• Exercise objective
From the line containing "Refrigerador Hisense 7.3 pies - Img 55804106" through the last line of the entries, output the text exactly. Pictures stay out.

[Source data]

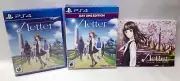 Root Letter: Last Answer Day One Edition - Box, Book & Sealed PS4 Game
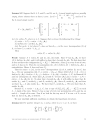 Forbidden Conﬁgurations Exact bounds determined by critical substructures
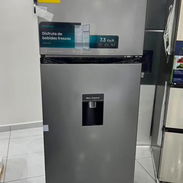 Refrigerador Hisense 7.3 pies - Img 55804106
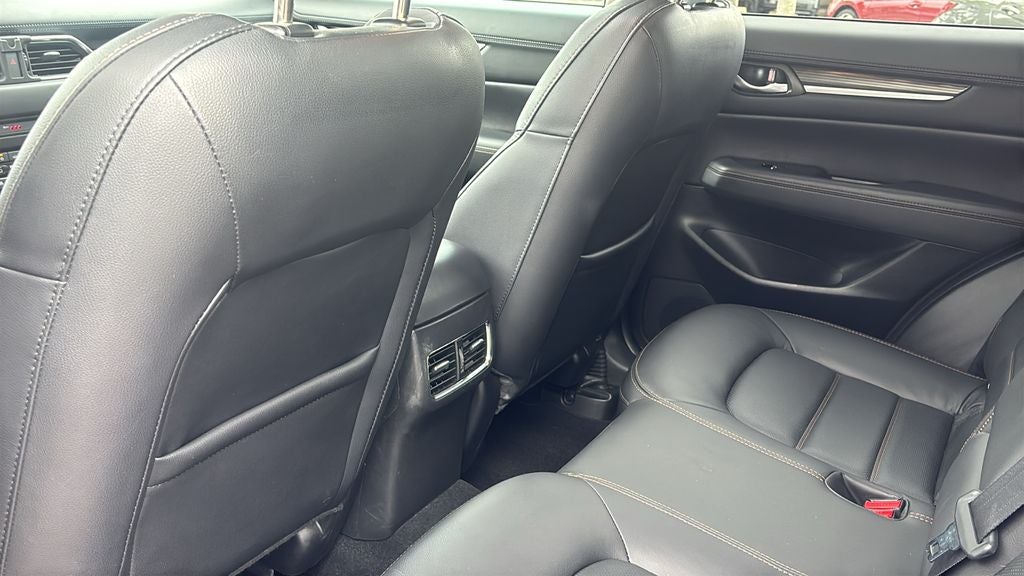 2023 Mazda Mazda CX-5 2.5 S Premium Plus Package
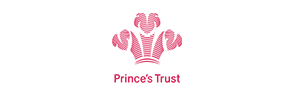 Managed IT services London Prince's Trust logo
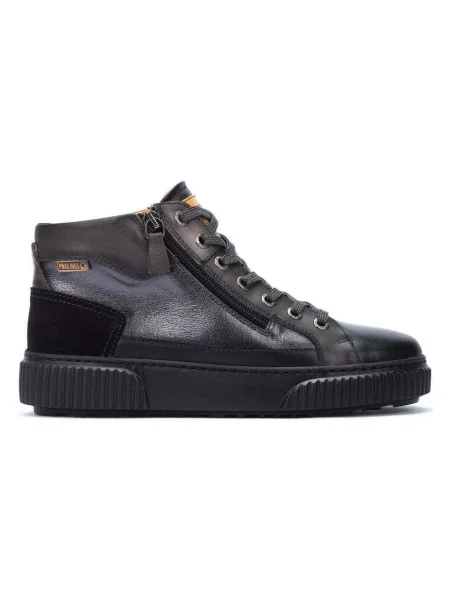 Pantofi Pikolinos negru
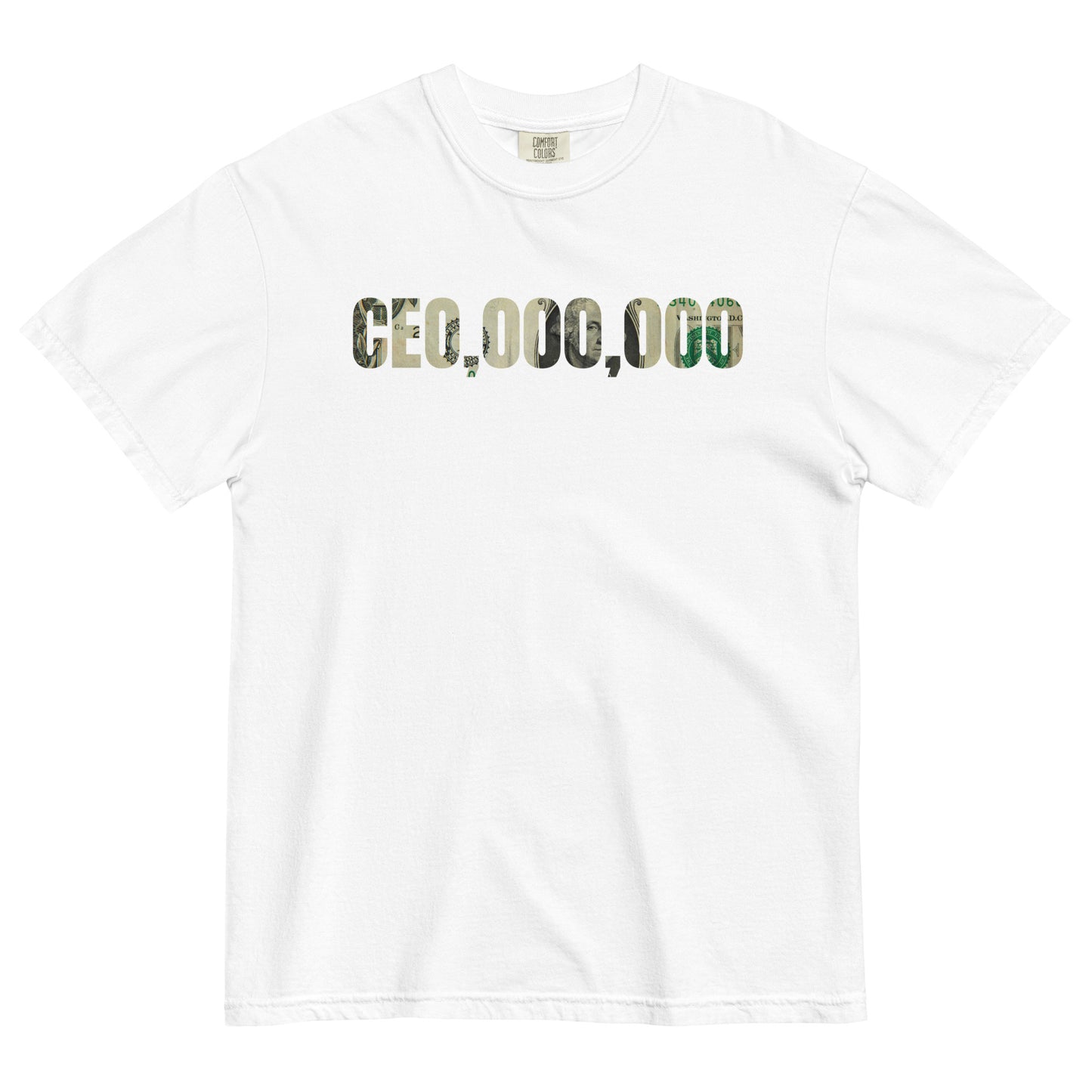 CEO Unisex t-shirt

[/Source data]

• Answer section
 Refrigerador Hisense 7.3 pies - Img 55804106
 2023 Mazda Mazda CX-5 2.5 S Premium Plus Package
 Managed IT services London Prince's Trust logo
 Pantofi Pikolinos negru
 CEO Unisex t-shirt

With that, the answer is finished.